_GIVEN INFORMATION_
=== Begin Enclosure ===

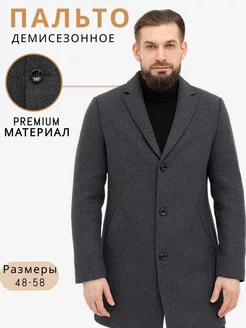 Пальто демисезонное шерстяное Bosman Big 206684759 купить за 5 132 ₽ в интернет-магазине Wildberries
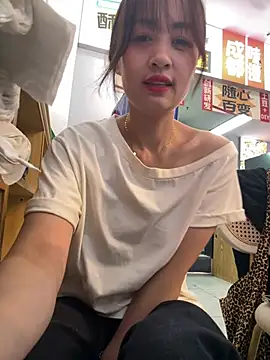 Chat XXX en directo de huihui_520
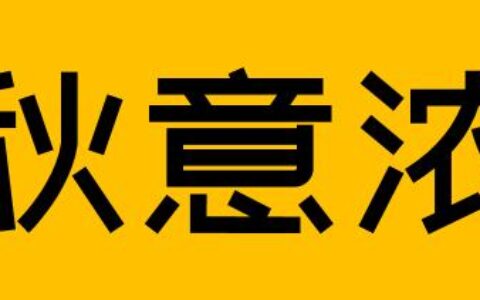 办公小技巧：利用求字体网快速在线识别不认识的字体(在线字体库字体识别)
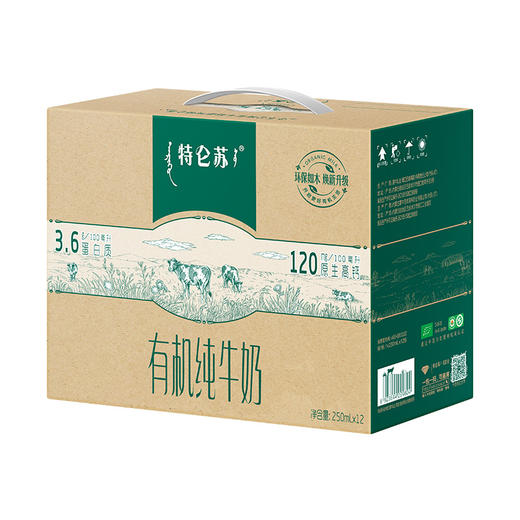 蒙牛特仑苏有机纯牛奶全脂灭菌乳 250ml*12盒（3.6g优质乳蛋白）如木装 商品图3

=== End Enclosure ===

Could you write out the whole listing exactly, dropping the pictures?

 Пальто демисезонное шерстяное Bosman Big 206684759 купить за 5 132 ₽ в интернет-магазине Wildberries
 Chat XXX en directo de huihui_520
 办公小技巧：利用求字体网快速在线识别不认识的字体(在线字体库字体识别)
 蒙牛特仑苏有机纯牛奶全脂灭菌乳 250ml*12盒（3.6g优质乳蛋白）如木装 商品图3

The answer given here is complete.